**ACTIVITY**:
Exactly as they appear, copy the lines from the one holding "Lot 1113 - A" through the end of the records, leaving pictures out.

(Scraped caption text data)

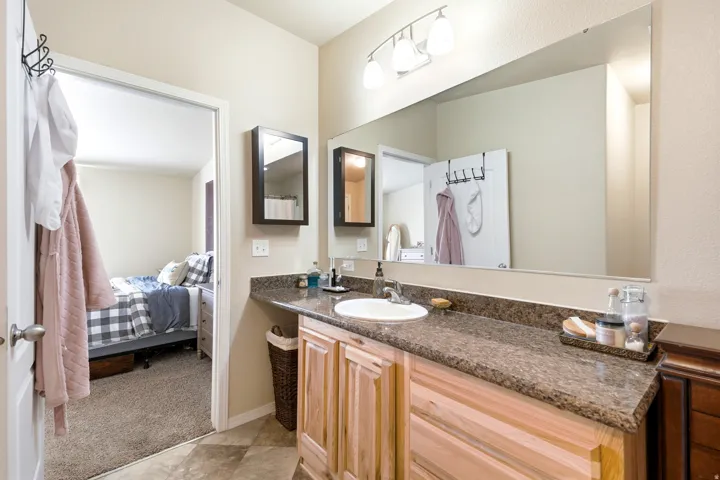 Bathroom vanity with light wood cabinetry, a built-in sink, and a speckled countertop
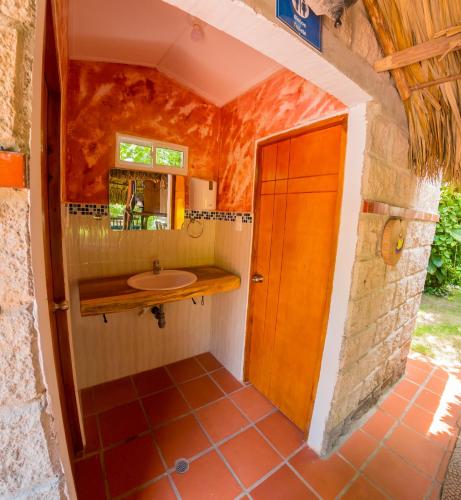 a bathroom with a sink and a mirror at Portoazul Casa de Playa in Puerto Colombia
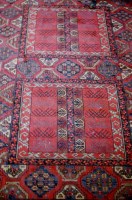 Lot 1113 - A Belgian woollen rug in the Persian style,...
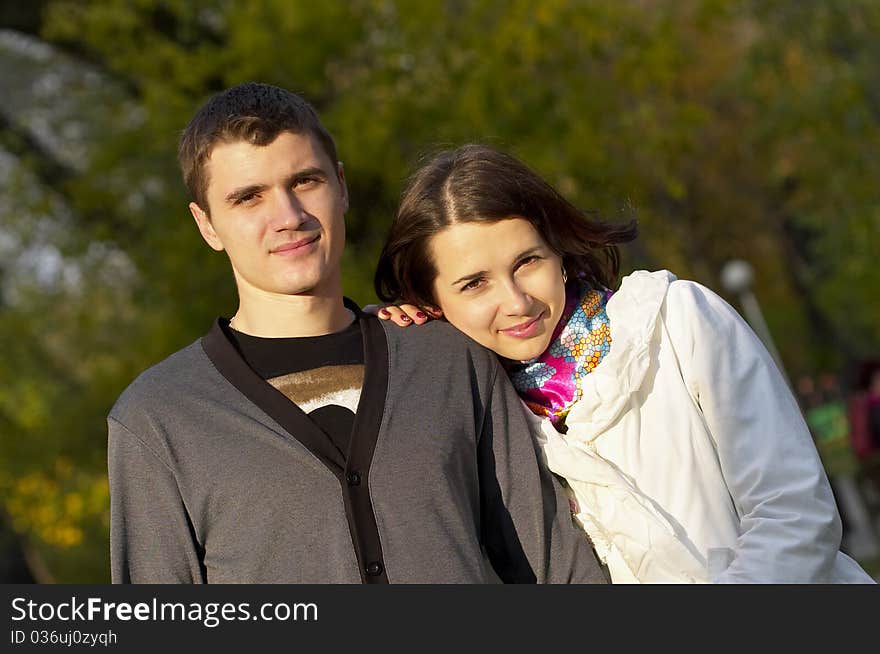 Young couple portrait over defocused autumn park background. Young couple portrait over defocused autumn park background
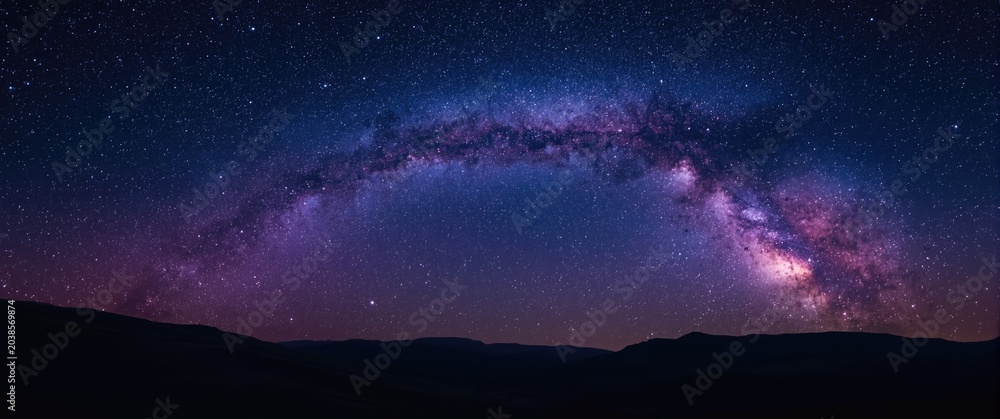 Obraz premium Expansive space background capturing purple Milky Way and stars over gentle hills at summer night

**ANSWER TO THIS PROBLEM**:
 Lot 1113 - A Belgian woollen rug in the Persian style,...
 Young couple portrait over defocused autumn park background. Young couple portrait over defocused autumn park background
 Obraz premium Expansive space background capturing purple Milky Way and stars over gentle hills at summer night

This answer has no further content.